Fidelity raises corporate governance game

Things are changing at Fidelity International, once seen as-punching below its weight shareholder debates.

When Fidelity International led the high-profile charge to oust Michael Green as chairman-designate of ITV, it was seen by other fund management groups as an unlikely standard bearer for shareholder activism.
Anthony Bolton, one of its star fund managers, may have picked up the unlikely sobriquet of "the silent assassin of the City", but Fidelity has sometimes been seen as punching below its formidable weight in corporate governance.
While it took a leading role in the investor revolt over the. placing of Railtrack into administration, Fidelity has often been perceived as having only an intermittent interest in other shareholder debates and issues.
That may be changing. Over the past two years, it has been quietly building up its corporate governance operations and a shift in attitude seems to be emerging.
Simon Fraser, chief investment officer at Fidelity, insists the fund manager has always been active in corporate governance issues. But he concedes: "Obviously over the last year or two there has been a lot more pressure from customers and the government to raise the game and raise the profile."
A catalyst for change also has been the recruitment of Trelawny Williams from M&G Investments two years ago to head its corporate governance operations.
Since then it has published a set of "principles of ownership", brought a four-man proxy voting team into its London headquarters near St Paul's to be closer to the investment team, introduced a new internal structure for engagement with companies and started quarterly reports to institutional clients on its voting and intervention.
The urbane Mr Fraser says Fidelity has approached corporate governance in a pragmatic way and often behind closed doors.
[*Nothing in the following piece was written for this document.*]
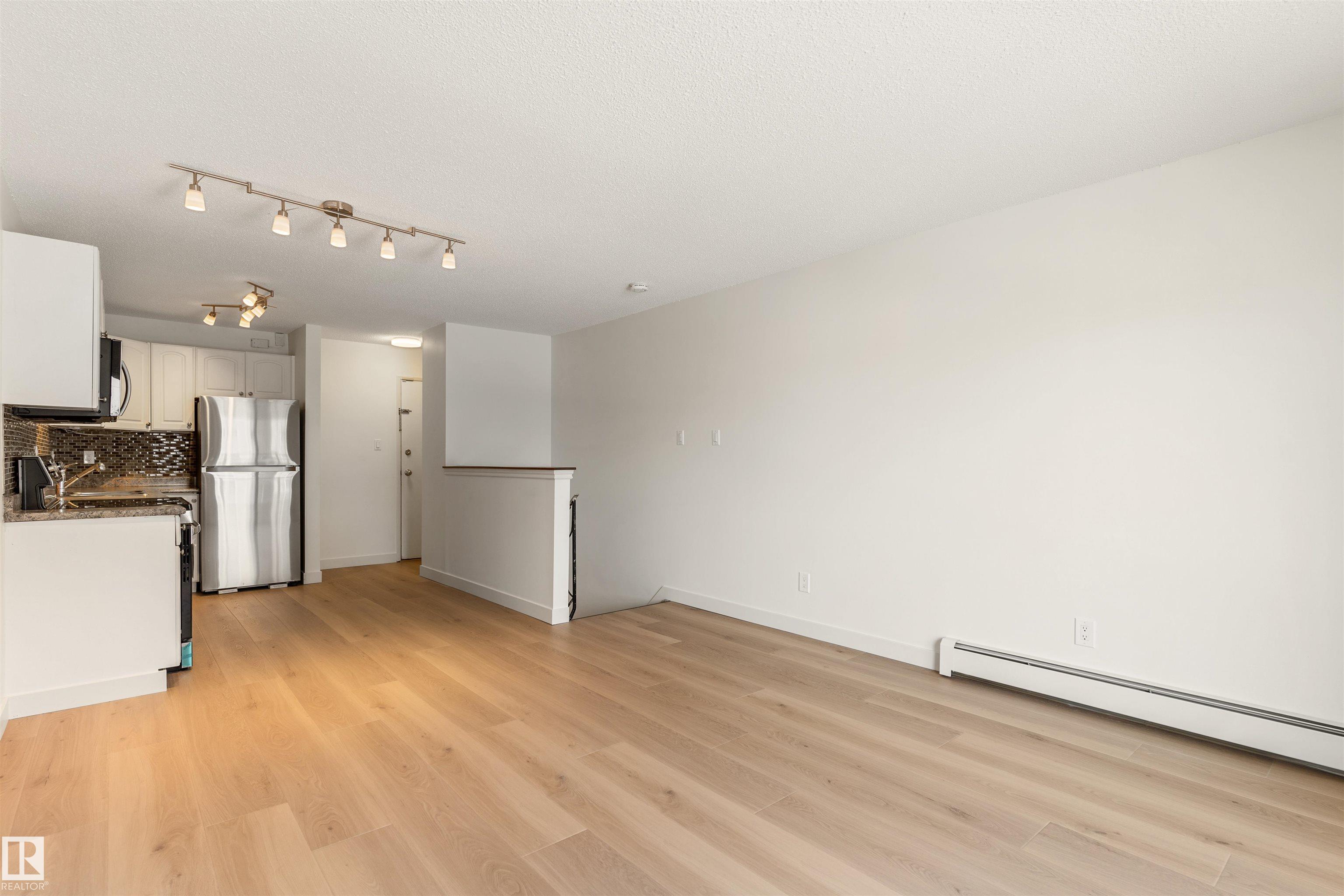 Photo 8 at 109 - 11429 124 Street NW, Inglewood, Edmonton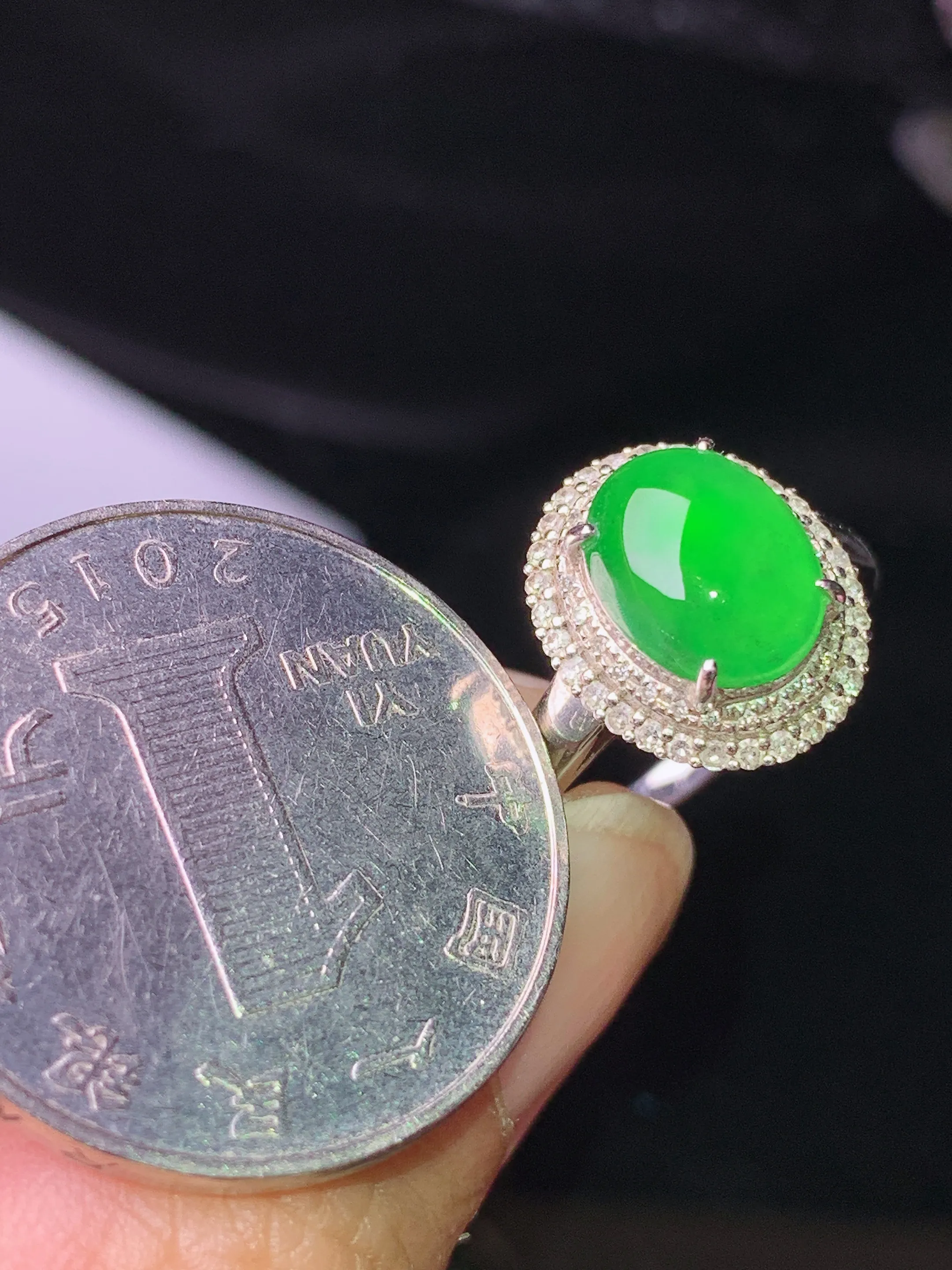 18k金钻镶嵌满绿蛋面戒指 玉质细腻 色泽清新艳丽 圈口14.5整体尺寸13.3*11.3*8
"It all depends on how you define corporate governance. We have always been very focused on creating value for our customers and shareholders," he says.
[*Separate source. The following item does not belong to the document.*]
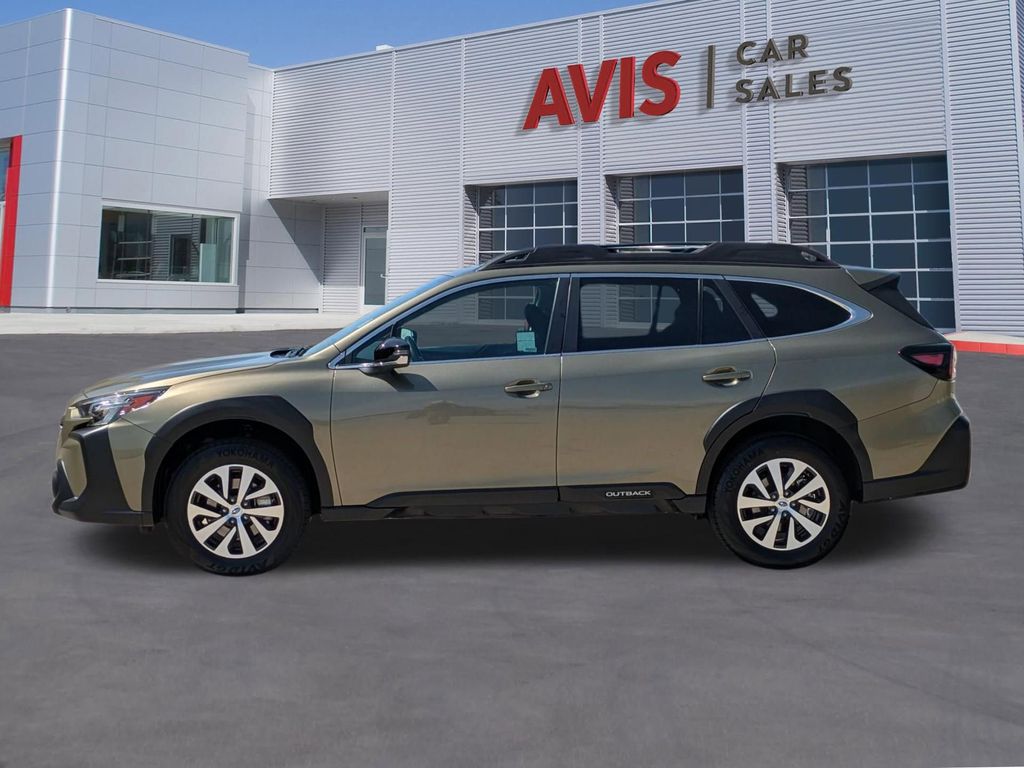 Thumbnail: 2025 Subaru Outback - 10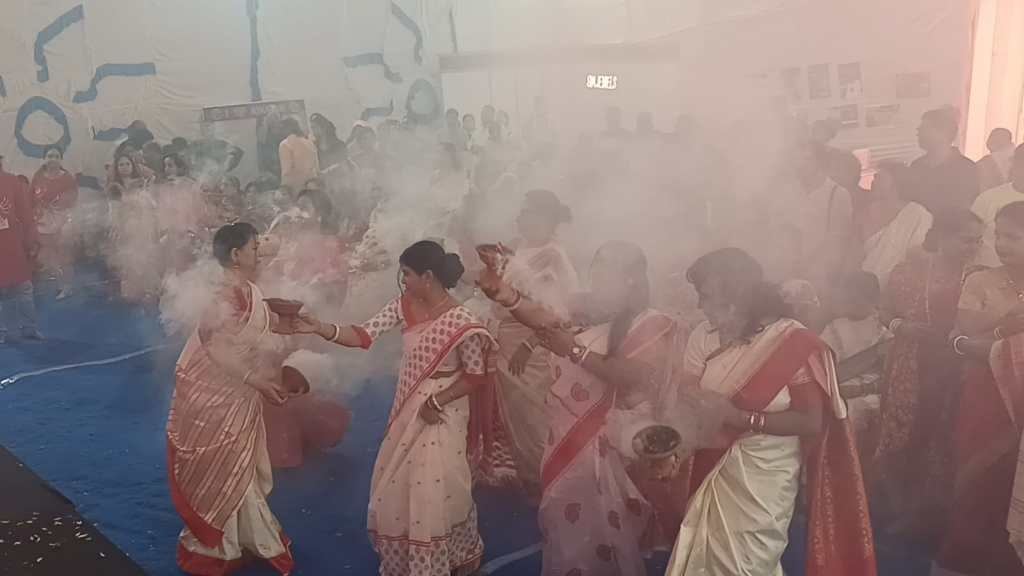 Sindoor khela, Aikatan Durgotsav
“We are much more in that frame of mind rather than specifically doing corporate governance for the sake of it.”
Mr Williams adds: “Our strong preference is to do things very consensually and confidentially. We really do believe that bleating about companies at AGMs and having public disputes is actually a failure of governance."
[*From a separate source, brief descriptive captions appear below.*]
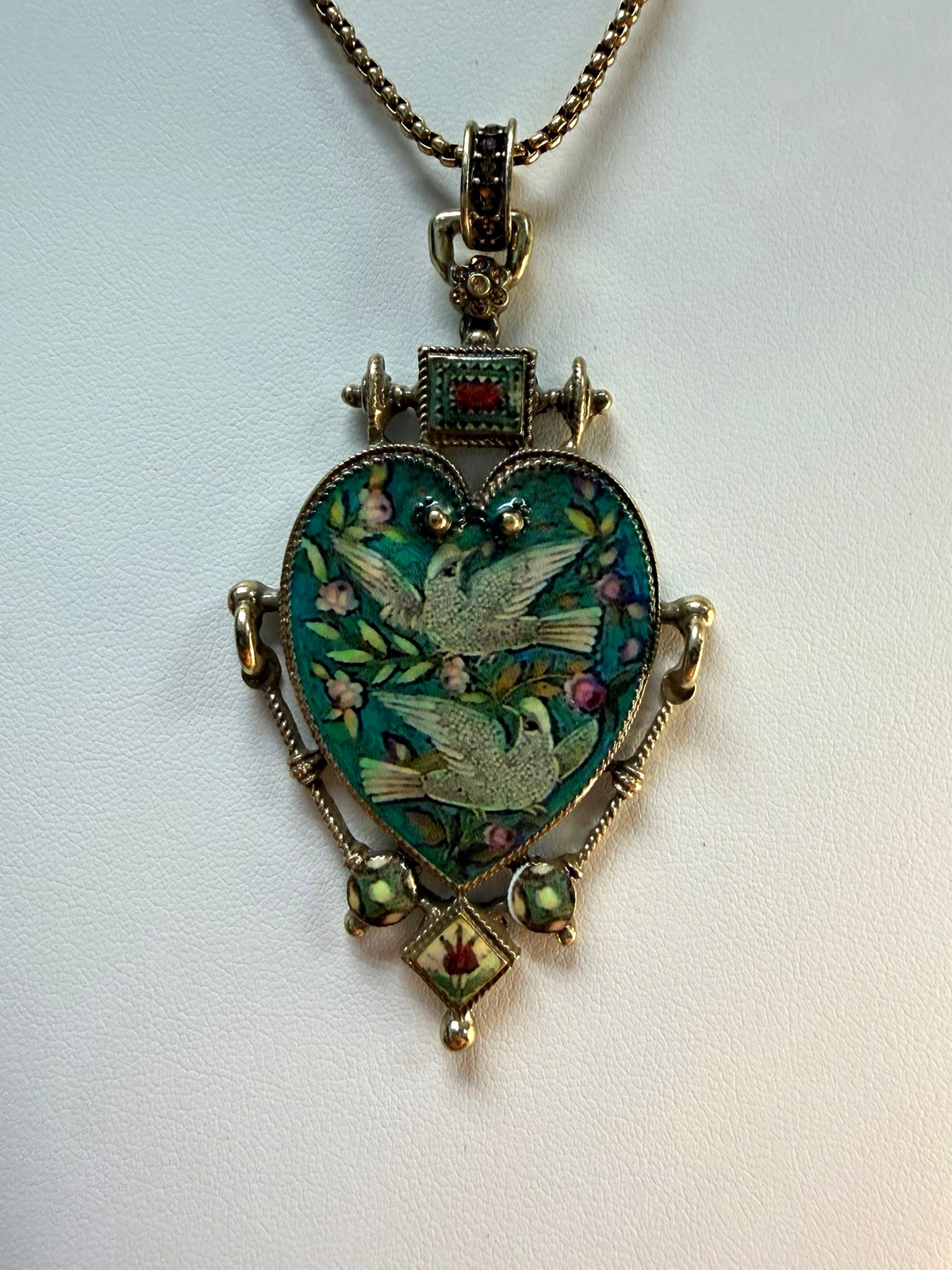 Vintage Heart Enamel Necklace Green with Doves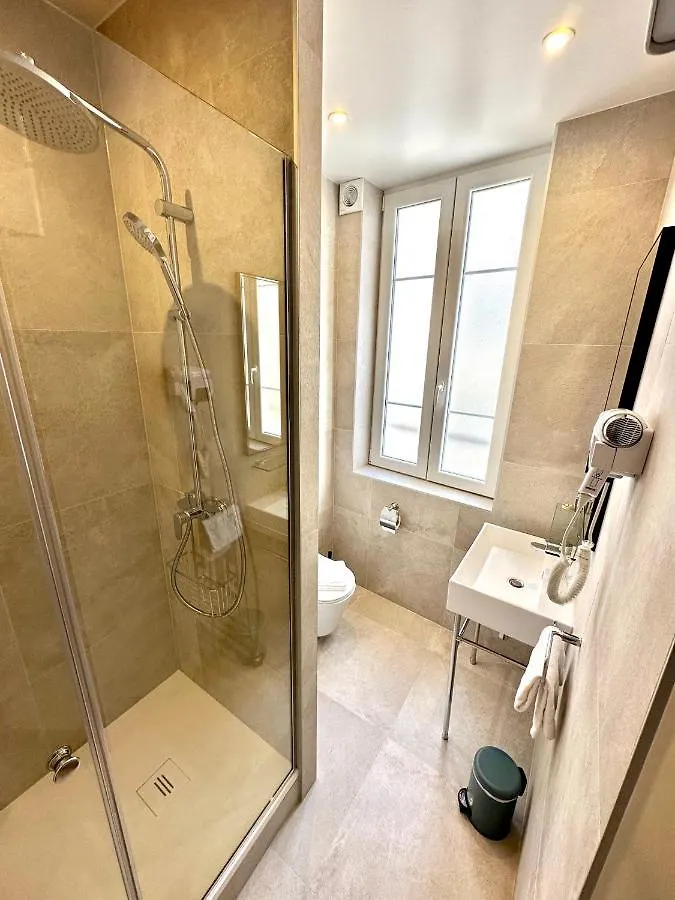Zora Hotell Paris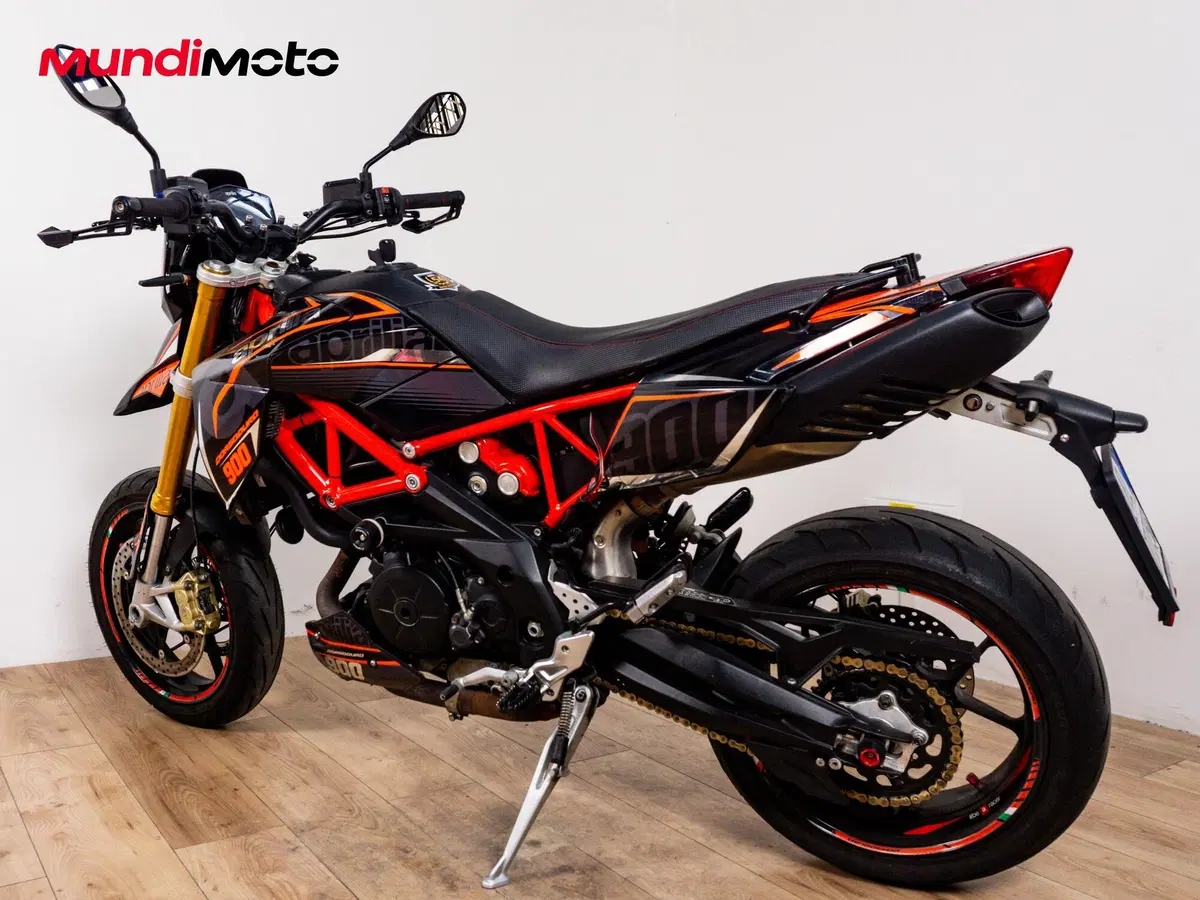 Aprilia Dorsoduro 900 (2017 - 20) (7)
"Once things go into the public, everyone's position starts to become entrenched; you start to get winners, you start to get losers; you start to get a legacy of controversy over a particular company."
Mr Williams admits the ousting of Mr Green "was clearly not a great example" of that philosophy.
"The outcome was a successful one, but the process was not consistent with the way yve like to do things," he says.
Mr Fraser says there was a "whole series of unique and very unusual circumstances" in the ITV situation.
"The main one being that it was a discussion about corporate governance at a company that did not yet exist. Therefore it was difficult to have a lot of detailed conversations until we saw what shape or form [it would take] or whether the company was going to actually exist," he says.
"That is one of the reasons it was so different from other conversations with companies, which might go on for a month or longer before things come to a head. This was kind of accelerated. It was compressed very dramatically and that's why- we got vocal quite quickly."
Mr Williams also admits that Fidelity may have been "too Delphic" in flagging concerns about the need for an independent chairman to senior directors of Carlton and Granada early last year.
He adds that the advisers to Carlton and Granada did not "do a particularly good job" in ensuring that the board heard the messages from shareholders.
"I suppose you also have to criticise the boards themselves for they had these meetings over the course of the winter. Concern must have been expressed one way or another but they chose not to pick it up," he says.
Mr Williams is intended to be the first contact point for companies seeking to discuss such price-sensitive issues. This is aimed at preventing fund managers becoming insiders and
restricted from trading. Under recent regulations, once one individual fund manager is exposed to price sensitive information, the whole investment house is considered an insider.
Mr Fraser says one reason for Fidelity's low profile in corporate governance is that it usually only takes a public stance when there is an internal consensus among its fund managers. Every fund manager has a different combination of stocks and "quite rightly" they will have very different views on voting, he says. The individual fund managers who hold a particular stock can also change dramatically, even over a few months.
Fidelity also appears to be wrestling with how much of its voting and corporate governance activities to disclose publicly. While it will tell an institutional client how it votes, it refuses to do so for retail investors.
"There is inevitably a conflict between telling people what we are doing and confidentiality," says Mr Williams.
"What we don't want to happen is for a company to come to talk to us on a governance matter and expect to read about it in the newspaper in three or four months' time. We recognise we have obligations and we have to satisfy those, but a full, frank and transparent disclosure is unlikely to happen."